Литерный эшелон | страница 106
И Грабе поддался.
– Я думал сердце выгорело… И тут от него такая подлость, – признавался Грабе Данилину. – В нее так легко влюбиться…
– Отчего подлость? Любовь – великое чувство… Ну, так чего вы медлите? Влюбляйтесь…
– Я слишком стар для еще одной неразделенной любви.
– Откуда вызнаете, что неразделенной?
– Я такой человек… У меня другой не бывает. А еще я приношу несчастия.
– Полно вам!
– Ну да… Иногда случается, что два человека приносят друг другу неудачи, вне зависимости от того, как они к друг другу относятся и от их душевных качеств.

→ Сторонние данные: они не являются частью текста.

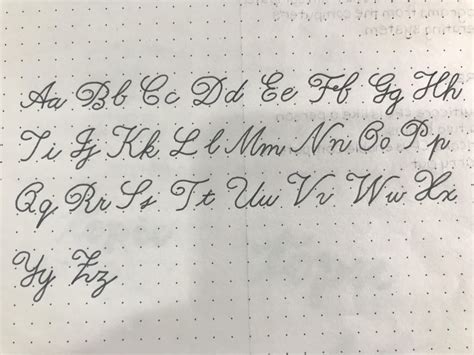 I copied this Spencerian script off of the internet. How’d I do? :) : r ...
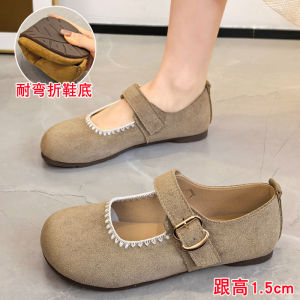 Free Shipping Soft Upper And Soft Sole 2026 Autumn New Collection Casual And Versatile Flat Shoes For Women Comfortable Loafers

– Все же не пойму о чем вы?
– Пощадите даму. Ежели мы начнем с ней сближаться – у нее начнутся неприятности.
Как в воду глядел…
Впрочем, несмотря на предостережения, Грабе с Докторессой вечерами начали гулять по песчаному берегу реки, затем уходили в овражек, где штабс-капитан учил даму бить из револьвера по жестянкам.
Дамочка мило пугалась выстрелов, и Грабе, дабы успокоить женщину, забирал ее в свои объятия. Затем они гуляли по лагерю, словно по какому-то променаду. Казаки и арестанты приветствовали их снятием головных уборов.
Разговаривали.
– Вы один… одна доктор в Иване Ивановиче? – спрашивал штабс-капитан.
– Ну что вы… Не с моим счастьем. Есть еще один доктор. И для нас двоих в городе слишком мало больных…
– Женщине больные, верно, меньше доверяют… Хотя если больной – на самом деле больная…
– Нам доверяют почти одинаково. А вернее сказать, одинаково не доверяют. Больные ходят к бабкам-шептухам, к якутским шаманам. И самое обидное – ненаучный подход часто побеждает. Впрочем, моему коллеге несколько легче – он наблюдает за больными в тюрьме. Это какой-никакой, но постоянный доход…
Места для прогулок в лагере было мало. За сим – ходили в гости. Поднимались под небеса в воздушный дредноут Сабурова. Похоже, рядом с Грабе о боязни высоты Мария Федоровна забывала.
Затем зашли один раз к в препараторскую Генриха Карловича.
Тот как раз был занят.
На столе лежало голубовато-прозрачное существо, доставленное из Иван Ивановича вместе с Тарабриной. Его как раз препарировал хирург, иногда отрываясь и делая пометки в своих бумагах, измазанных липкой кровью инопланетян.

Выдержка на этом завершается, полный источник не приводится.